Vandaag de dag bestaat luchtvervuiling vooral uit stikstofverbindingen, met name ammoniak, waardoor de regen juist minder zuur wordt. Ook deze vorm van vervuiling heeft een grote impact op korstmossen. Zo komt in met stikstof vervuilde gebieden maar een klein aantal korstmossen voor. Dit is voor iedereen duidelijk zichtbaar: groeien er veel gele korstmossen, zoals Groot dooiermos, op vrijstaande bomen, dan geeft dat aan dat er vervuilingsbronnen in de buurt zijn. Luchtvervuiling door stikstofverbindingen neemt pas sinds een jaar of tien af, maar nog niet genoeg om schade aan de natuur teniet te doen. Veel nieuwkomers op de Rode Lijst korstmossen zijn gevoelig voor ammoniak en blijven gestaag achteruitgaan. Alleen een goed overheidsbeleid om de hoeveelheid mest, megastallen en emissies uit autoverkeer terug te dringen, kunnen helpen om de natuur te laten herstellen.
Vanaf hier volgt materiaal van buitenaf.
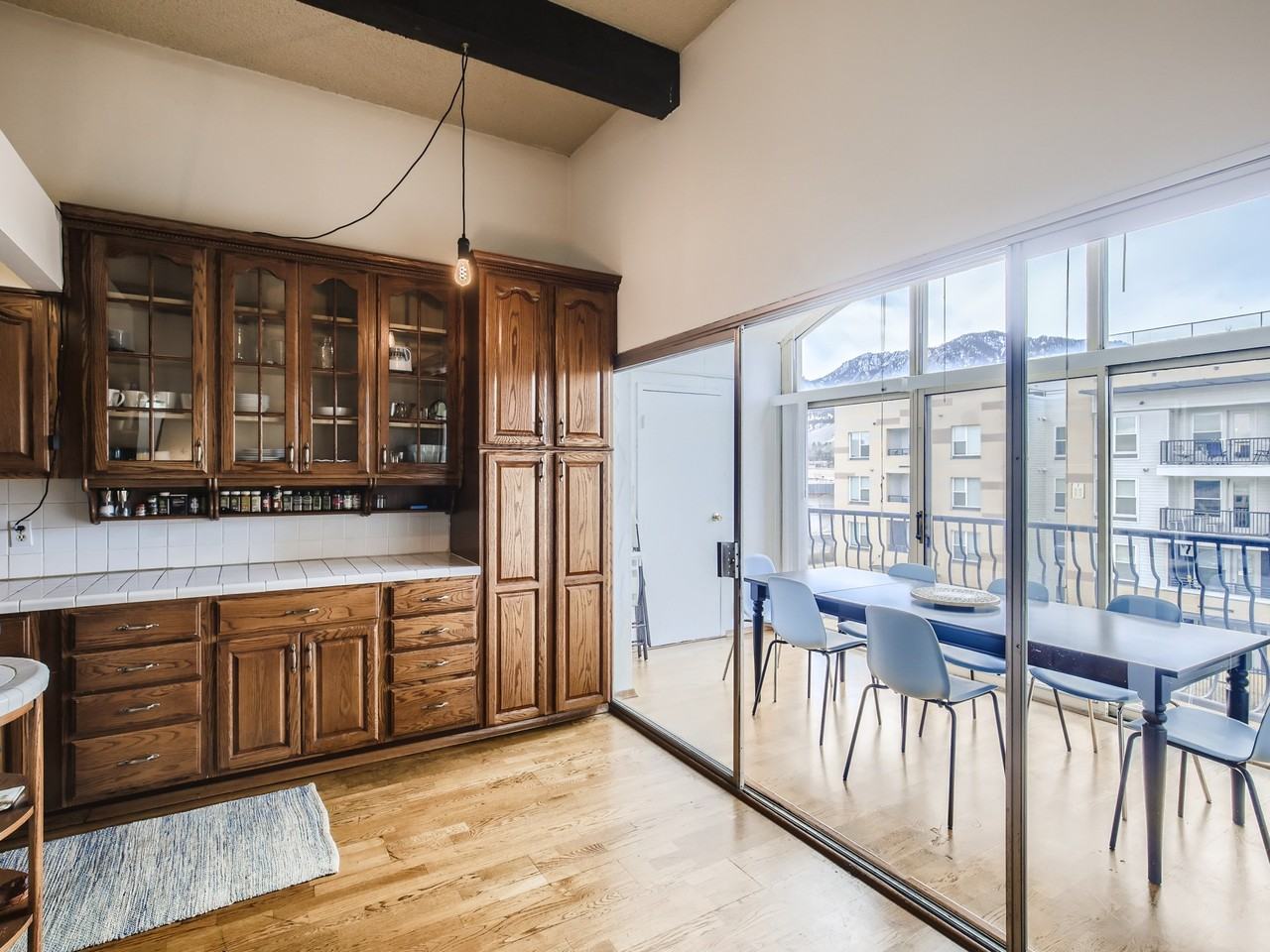 805 29th St - Photo 6 of 16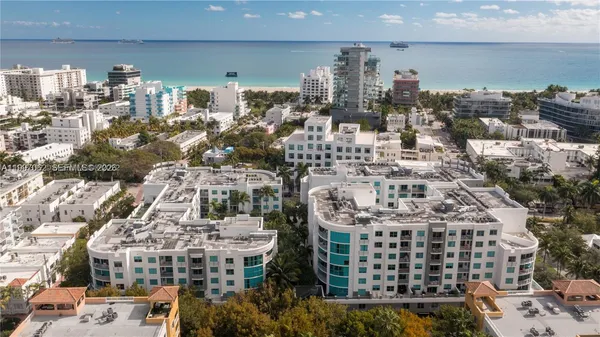 $5,200 | 110 Washington Avenue, Unit 2319, Miami Beach, FL 33139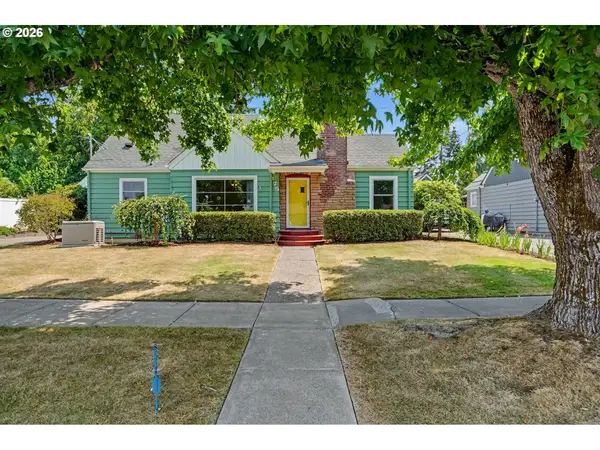 175 St Marys Ave, MtAngel, OR 97362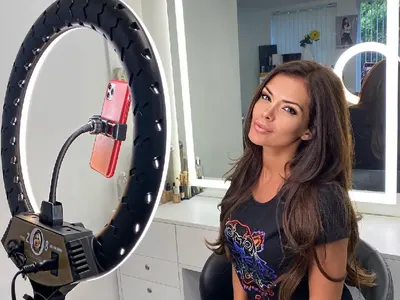 На Преслава не й пука за коронавируса, гуши тлъсти пачки от участия по Нова година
Over de Rode Lijst korstmossen
De Rode Lijst korstmossen (download BLWG rapport 12) is gemaakt door de Bryologische en Lichenologische Werkgroep (BLWG) in opdracht van het ministerie van Economische Zaken, Landbouw en Innovatie (EL&I) en in samenwerking met het Centraal Bureau voor de Statistiek (CBS). Rode Lijsten worden opgesteld omdat dat is afgesproken in een internationaal verdrag, de Conventie van Bern (1979). In Nederland wordt voor een groot aantal soortgroepen een standaard methode gebruikt, waarbij zowel gekeken wordt naar de actuele zeldzaamheid als naar de verandering ten opzichte van de situatie rond 1950. De gegevens zijn zowel door professionals als door vrijwilligers verzameld.